Somewhere you need a static route between the two subnets.  I guess you didn't want to do that.  

What do you want to achieve?

I have two separate interfaces for my trusted and untrusted subnets, so that they are physically separated. 

Both are NATed to the internet.

----------

## Nerevar

 *NeddySeagoon wrote:*   

> Nerevar,
> 
> What do you want to achieve?
> 
> 

 

Ultimately I'd like to be able to configure a firewall that prevents the untrusted network from reaching the trusted devices (except for the router/dns/dhcp PC). I would like to do this by forcing the untrusted network to a separate ip range if possible but it looks like it's going to take a firewall configuration utilizing MAC addresses.

Edit: You're correct, the 10.x PCs can't ping 192.168.1.1 (they can ping 192.168.1.2).

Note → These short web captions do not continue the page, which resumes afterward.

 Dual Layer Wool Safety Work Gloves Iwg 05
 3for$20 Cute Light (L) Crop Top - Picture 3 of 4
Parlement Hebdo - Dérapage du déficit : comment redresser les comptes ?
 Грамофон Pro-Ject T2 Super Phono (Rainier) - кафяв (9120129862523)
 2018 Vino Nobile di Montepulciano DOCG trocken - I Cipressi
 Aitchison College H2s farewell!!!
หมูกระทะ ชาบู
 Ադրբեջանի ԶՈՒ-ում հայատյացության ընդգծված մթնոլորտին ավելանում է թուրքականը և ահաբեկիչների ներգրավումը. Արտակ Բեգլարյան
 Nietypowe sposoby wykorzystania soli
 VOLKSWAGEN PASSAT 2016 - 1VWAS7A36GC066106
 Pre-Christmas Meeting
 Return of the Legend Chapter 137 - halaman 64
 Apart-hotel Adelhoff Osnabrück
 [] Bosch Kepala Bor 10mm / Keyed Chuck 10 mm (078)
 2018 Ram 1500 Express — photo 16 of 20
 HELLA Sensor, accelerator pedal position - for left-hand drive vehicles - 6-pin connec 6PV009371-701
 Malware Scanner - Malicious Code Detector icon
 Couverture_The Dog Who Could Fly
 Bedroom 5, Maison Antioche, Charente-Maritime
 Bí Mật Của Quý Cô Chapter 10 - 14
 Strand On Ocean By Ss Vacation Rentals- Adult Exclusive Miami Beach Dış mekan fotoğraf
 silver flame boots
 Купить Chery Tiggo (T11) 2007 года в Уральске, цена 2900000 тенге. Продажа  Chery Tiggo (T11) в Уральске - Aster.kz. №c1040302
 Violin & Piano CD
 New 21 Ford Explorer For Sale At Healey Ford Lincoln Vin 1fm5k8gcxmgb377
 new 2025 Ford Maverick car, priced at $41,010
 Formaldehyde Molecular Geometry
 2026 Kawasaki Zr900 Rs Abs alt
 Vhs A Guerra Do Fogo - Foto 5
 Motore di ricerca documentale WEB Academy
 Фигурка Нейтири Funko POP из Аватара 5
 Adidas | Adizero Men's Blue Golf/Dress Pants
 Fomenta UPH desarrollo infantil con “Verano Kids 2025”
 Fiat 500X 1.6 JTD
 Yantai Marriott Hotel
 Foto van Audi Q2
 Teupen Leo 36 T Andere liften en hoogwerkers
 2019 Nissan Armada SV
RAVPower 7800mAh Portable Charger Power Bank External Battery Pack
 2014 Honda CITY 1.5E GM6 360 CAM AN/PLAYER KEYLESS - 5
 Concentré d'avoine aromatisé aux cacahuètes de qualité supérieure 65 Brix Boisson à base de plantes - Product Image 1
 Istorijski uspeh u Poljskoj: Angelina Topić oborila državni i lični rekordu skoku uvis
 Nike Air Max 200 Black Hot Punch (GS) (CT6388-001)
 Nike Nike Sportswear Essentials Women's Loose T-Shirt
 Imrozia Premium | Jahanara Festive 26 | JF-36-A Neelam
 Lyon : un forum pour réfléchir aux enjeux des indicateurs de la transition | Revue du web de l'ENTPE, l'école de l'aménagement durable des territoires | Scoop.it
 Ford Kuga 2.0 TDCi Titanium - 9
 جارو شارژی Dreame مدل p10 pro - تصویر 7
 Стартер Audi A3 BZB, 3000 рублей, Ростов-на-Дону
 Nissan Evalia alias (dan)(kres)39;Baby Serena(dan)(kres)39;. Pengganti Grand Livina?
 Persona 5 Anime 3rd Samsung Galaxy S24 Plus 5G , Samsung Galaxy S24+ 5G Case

So, that's why they can't get to the Internet.

----------

## NeddySeagoon

Nerevar,

How is your ASCII art, or a photo of a sketch works.

Draw out the systems and interfaces in your network.

Your router, one trusted and one untrusted system will do, with the IPs they have on all interfaces.

Your public IP on the internet is not required.  Just those that start 192.

Post the output of route from those systems.

----------

## Nerevar

Hi Neddy,

I just wanted to say thanks for all your input. It was very much appreciated. You're really awesome on here and have taught so many of us so much!

Regarding this problem, I was able to get what I wanted working in a completely different way following this tutorial:

https://www.dd-wrt.com/wiki/index.php/Guest_WiFi_%2B_abuse_control_for_beginners

Best Regards,

Nerevar

----------